The one that would help improve it would be add some serious assistance for laid off workers. It may be that the GOPsters simply will not support this, but this would probably get some Dems in the Senate to change their votes, and it is the right thing to do. I have been looking at the international data on Active Labor Management Policies, and the US simply has near zero. We are way behind all other high income nations on this. Those Nordic nations are very open, far more than we are, totally dependent on exports, and so very free trade, and they spend a lot on this, with Denmark spending 2.3% of its GDP on it. Sweden used to be tops, but they are down to 1.1%, making Denmark the "new Sweden." OTOH, the US is barely above zero, and if anything the TTP is supposed to cut the little we have. What is with this? This is really a no brainer. Help those who might lose out, and maybe it might be worth it.

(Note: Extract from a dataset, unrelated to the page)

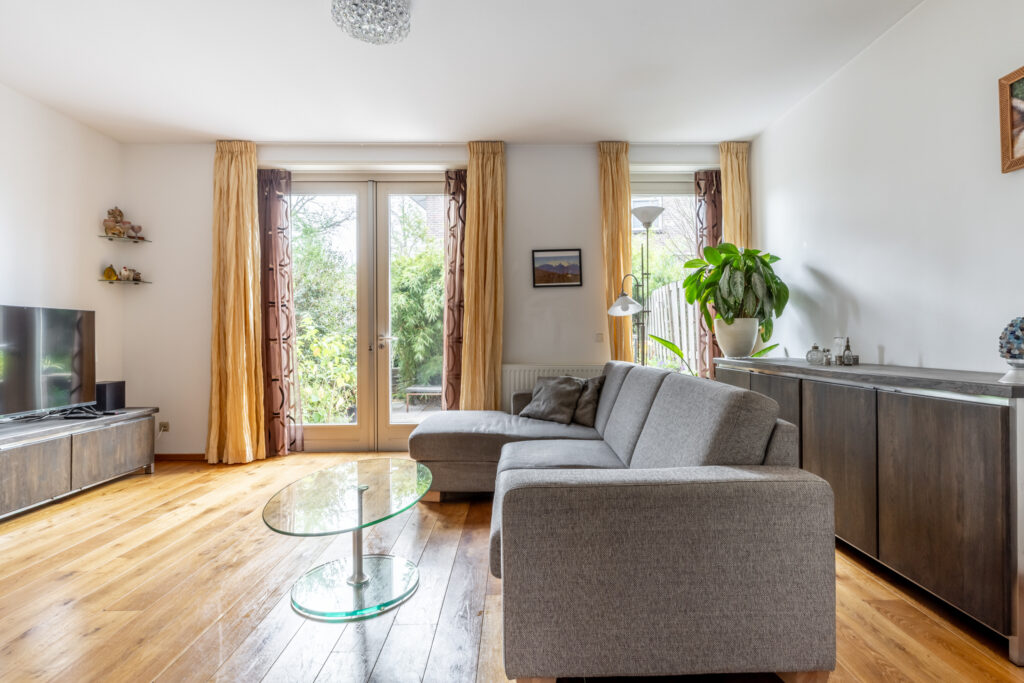 Cozy living room with sofa and large windows.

Maybe. The next big problem with it is all the secrecy. We do not know what is in this, and the president and its supporters have gone out of their way to keep it secret. This is just insane. Senators can only look at it in a sealed room with no aides. What are they hiding? This just makes me lose pretty much all enthusiasm I might have for this. What were (are) they thinking. Just plain nuts. (BTW, I have read that Vietnam would be the big gaining country, which I have no problem with, but given all this secrecy, how is anybody supposed to know?)
Finally, there is the whole intellectual property rights part. Again, details are missing, but most reports suggest that enforcing US intellectual property rights abroad is a very big part of this, maybe the biggest, a point Dean B. has emphasized. But it is probably the case that we have overdone this already in the US. We are already paying way too much for drugs, and why on earth should Disney own the rights to Winnie the Pooh nearly a century after the books were written. We are supposed to support the imposition of this sort of rent seeking nonsense on the rest of the world too? My enthusiasm is nowhere at all on this part, quite the opposite. Dump this stuff.
Again, at the bottom line, given that we do not even know which industries in the US are most likely to be hurt by all those Vietnamese imports, it would behoove the supporters to do something to minimize the damage to those who might be injurned, the laid off workers. Put some decent support in their for those, and this thing might be worth passing, might.